Three years ago Taha Maori took over the Methodist Church in Rawene, which the local Uniting Congregation was using as an opportunity shop. Mere lives nearby at Waima and she leads services at the Rawene church once a month. The Rawene church is also used for youth groups and it serves as the rohe’s office.
Mere and other members of the Rawene congregation also serve as chaplains at the Hokianga district hospital.
The Hokianga church also has guardianship over two properties Taha Maori holds title to. One is the Waima Mission Reserve where missionaries established a station in 1837 and the other is a farm property at the base of the sacred Te Whiria Mountain at Pakanae, near Oponone.
“Last year we rededicated the farm at Pakanae. It had run down under the previous leaseholders.

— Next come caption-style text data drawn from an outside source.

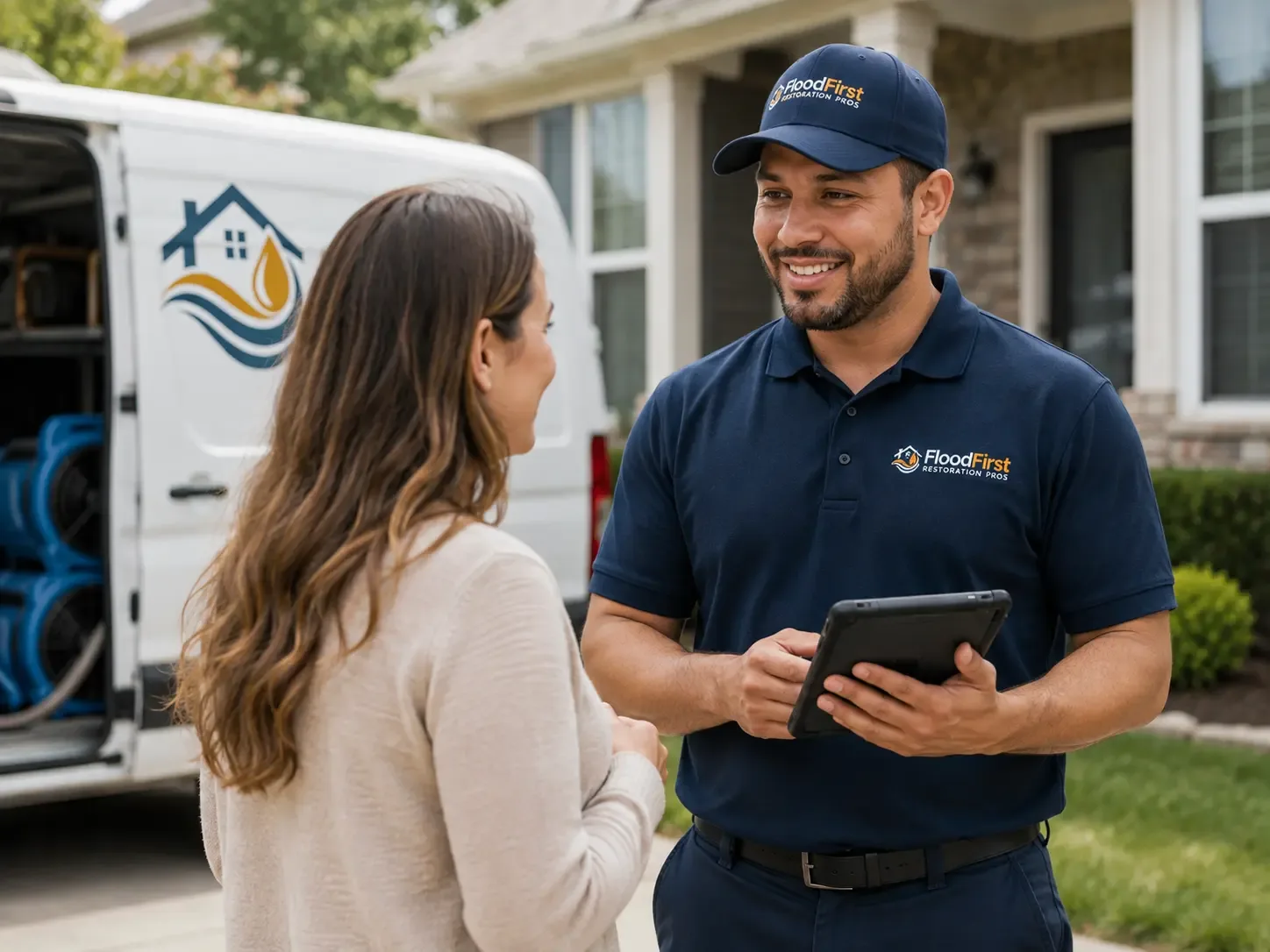Flood Damage Restoration Stapleton, NE FAQs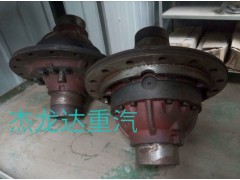 ,豪威60矿差速器总成,济南杰龙达重型汽车有限公司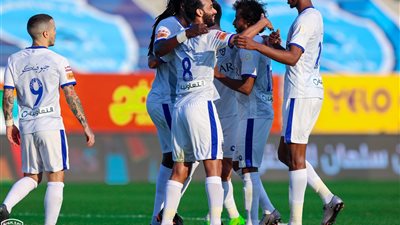 الهلال يجهز مفاجأة قبل موقعة الأهلي في 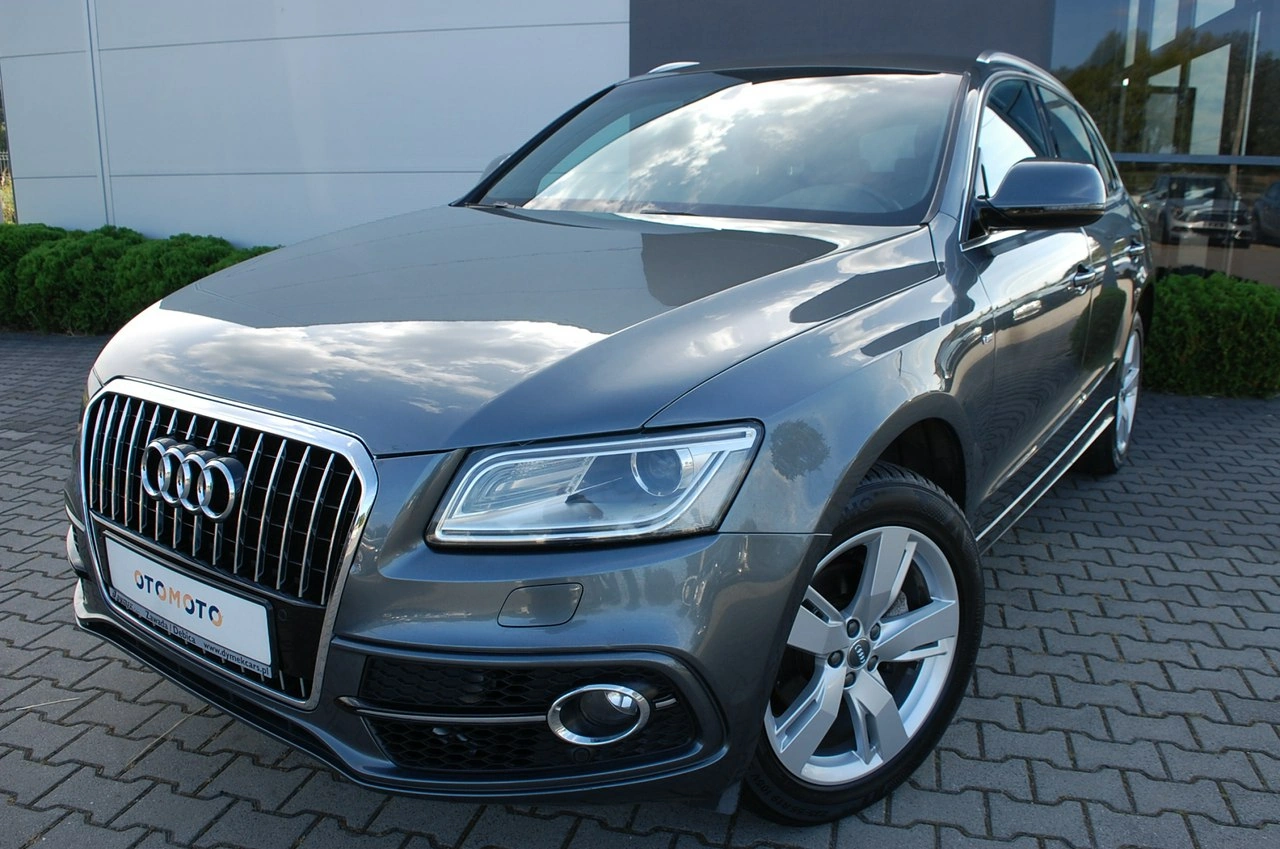 Audi Q5 - Zdjęcie 1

Maori and Pakeha church people helped clean it up. We painted the farmhouse, removed rubbish, and rebuilt the stockyard. I did karakia and we had a big kai. Now it is in the hands of local farmer John Klaricich and it is being looked after very well.
“One of the things we are doing in Tai Tokerau is to encourage the church to return property to local communities. Once the land story has been told the church should return the property to appropriate trustees if it was gifted from the local iwi. The church has returned buildings and property to the community at Otaua, Tuhirangi, and Waima,” Mere says.

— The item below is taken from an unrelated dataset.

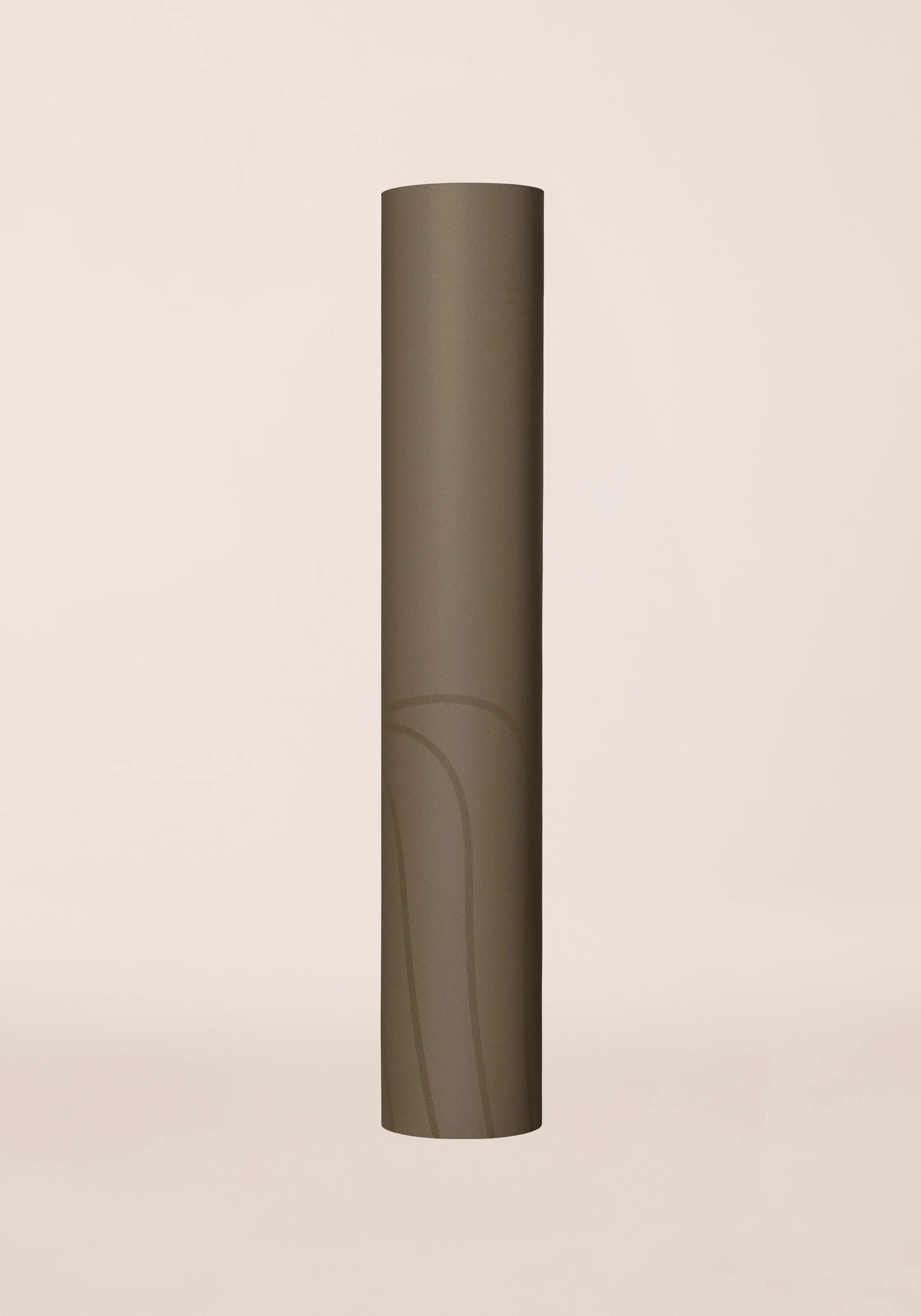 Yoga Mat Grip & Cushion III Surge 5mm - Taupe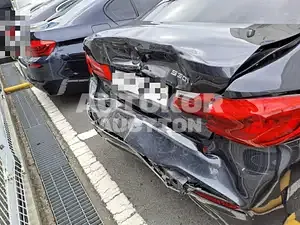 2018, BMW / 530, VIN: WBAJD3100JWC14204, 92843 км., gas, 1998 куб.см.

A major concern of the Tai Tokerau rohe is find ways to reach out to young people (rangatahi). Older members of the rohe remember when church was an important part of family and social life. People gathered with family after church for a meal and it was a time children saw their cousins.
Today children find traditional church services dull so Taha Maori is developing new ways to reach out to young people, often through activities outside church times. Mere says there are three rangatahi workers in Hokianga, Rachel Harrison, Ruby Winikerei, and Joce Korewha.
Among the activities they have organised was boat trip from Rawene to Mangungu on Waitangi Day. Mangungu is the site of the major mission station in the Hokianga region and more Maori leaders signed the Treaty there than actually signed it at Waitangi. The charter boat trip was a chance for rangatahi to learn more about their heritage as Methodists and New Zealanders and to have good time.
Mere says the income the rohe now receives from the farm at Pakanae means it has more resources than in the past to organise activities for young people. It intends to use them to keep them involved in the church.